COMPLAINT - CLASS ACTION                                              PAGE 18
<PAGE>   19
                 47.      PRG's belated disclosure that the assets it acquired
         from EquiMed in November, 1996 were overstated and impaired were
         clearly material.  PRG's stock price fell by approximately 30% during
         the six trading days from November 13 to November 20.  At the end of
         the class period, the stock was worth a little over half of its class
         period high.

                                    COUNT I
                      AGAINST ALL DEFENDANTS FOR VIOLATION
                OF SECTION 10(b) OF THE 1934 ACT AND RULE 10b-5

                 48.      Plaintiff repeats and realleges each and every
         allegation contained in each of the foregoing paragraphs as if fully
         set forth in full herein.

                 49.      This Count is asserted against defendants and is based
         upon Section 10(b) of the Exchange Act, 15 U.S.C. Section 78j(b), and 
         Rule l0b-5 promulgated thereunder by the SEC.

                 50.      During the Class Period, defendants, directly or
         indirectly, engaged in a common plan, scheme, and unlawful course of
         conduct pursuant to which they knowingly or recklessly engaged in
         acts, transactions, practices, and courses of business which operated
         as a fraud and deceit upon plaintiff and the other members of the
         Class, and made various deceptive and untrue statements of material
         facts and omitted to state material facts necessary in order to make
         the statements made, in light of the circumstances under which they
         were made, not misleading to plaintiff and the other members of the
         Class.  The purpose and effect of said scheme, plan, and unlawful
         course of conduct was to induce plaintiff and the other members of 
         the Class to purchase PRG securities during the Class Period at 
         artificially inflated prices.

                 51.      During the Class Period, defendants, pursuant to said
         scheme, plan, and unlawful course of conduct, knowingly and recklessly
         issued, caused to be issued, participated in


COMPLAINT - CLASS ACTION                                              PAGE 19
<PAGE>   20
         the preparation and issuance of deceptive and materially false and
         misleading statements to the investing public which were contained in
         or omitted from various documents and other statements, as
         particularized above.

                 52.      Throughout the Class Period, defendants each knew the
         facts set forth herein and misrepresented them and omitted disclosing
         them, thereby deceiving plaintiff and the other members of the Class.
         In the alternative, defendants acted with reckless disregard for the
         truth when they failed to disclose or cause the disclosure of the true
         facts and information to plaintiff and the other members of the Class
         despite having the true information.
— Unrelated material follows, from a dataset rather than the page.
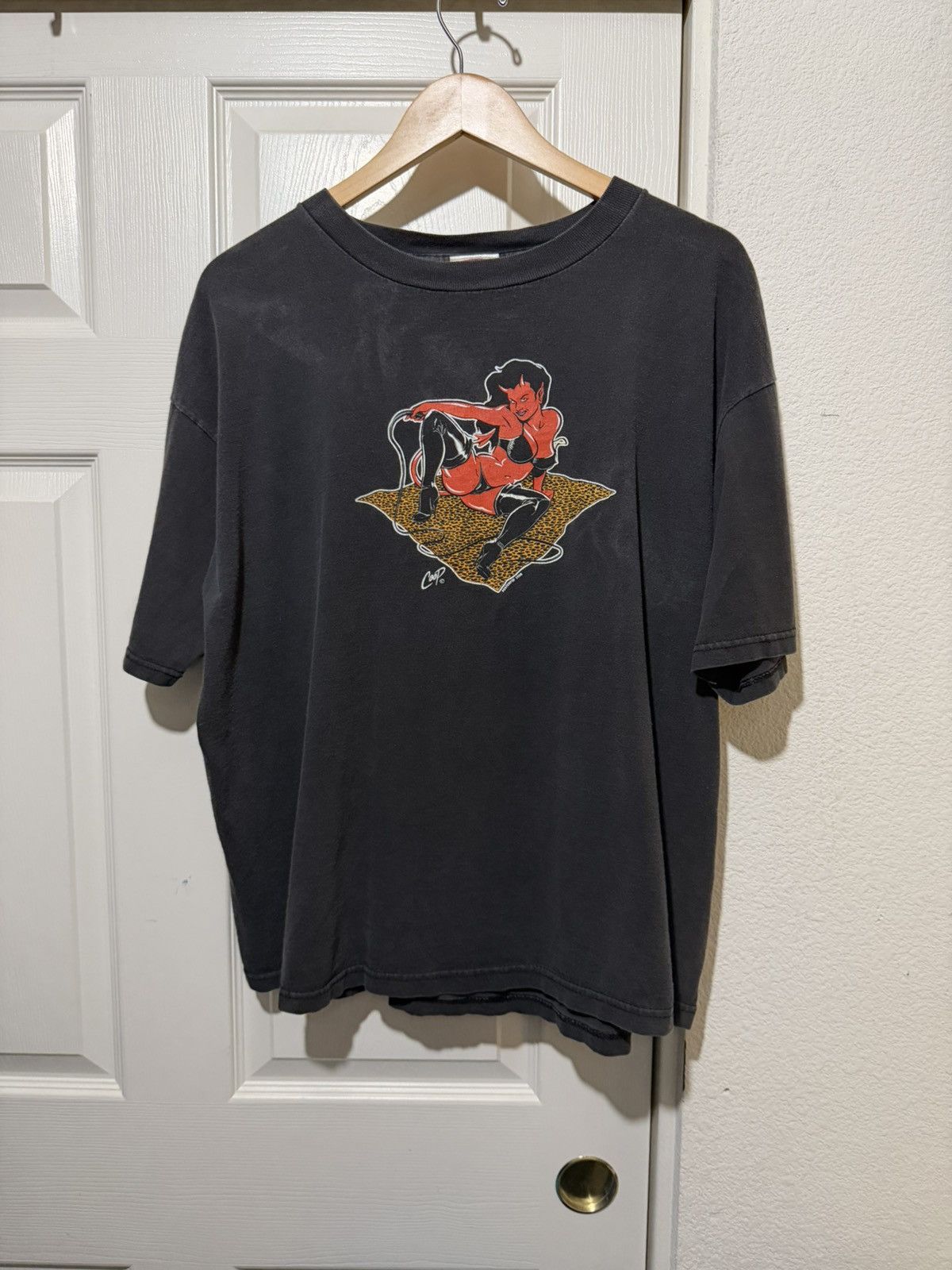 Vintage Vintage 90s Coop Devil Art Tee Size US XL / EU 56 / 4 - 1 Thumbnail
                 53.      As a result of the dissemination of the false and
         misleading statements set forth above, the market price of PRG common
         stock was artificially inflated during the Class Period.  In ignorance
         of the false and misleading nature of the representations described
         above and the deceptive and manipulative devices and contrivances
         employed by said defendants, plaintiff and the other members of the
         Class relied to their detriment on the integrity of the market price
         of the stock in purchasing PRG securities.  Had plaintiff and the
         other members of the Class known of the materially adverse information
         misrepresented or not disclosed by defendants, they would not have
         purchased PRG securities at all or at the artificially inflated prices
         that they did.

                 54.      As a result of the inflation of the prices of PRG
         common stock during the Class Period caused by defendants' material
         misrepresentations and omissions, plaintiff and the other members of
         the Class have suffered substantial damages as a result of the wrongs
         alleged.

                 55.      By reason of the foregoing, defendants, directly or
         indirectly, violated the 1934 Act and Rule 10b-5 promulgated
         thereunder in that they:

                 (a)      employed devices, schemes, and artifices to defraud;


COMPLAINT - CLASS ACTION                                              PAGE 20
<PAGE>   21
                 (b)      made untrue statements of material facts or omitted
         to state material facts necessary in order to make the statements
         made, in light of the circumstances under which they were made, not
         misleading; and/or

                 (c)      engaged in acts, practices, and courses of business
         which operated as a fraud and deceit and a scheme to defraud upon
         plaintiff and the other members of the Class in connection with their
         purchase of PRG securities during the Class Period.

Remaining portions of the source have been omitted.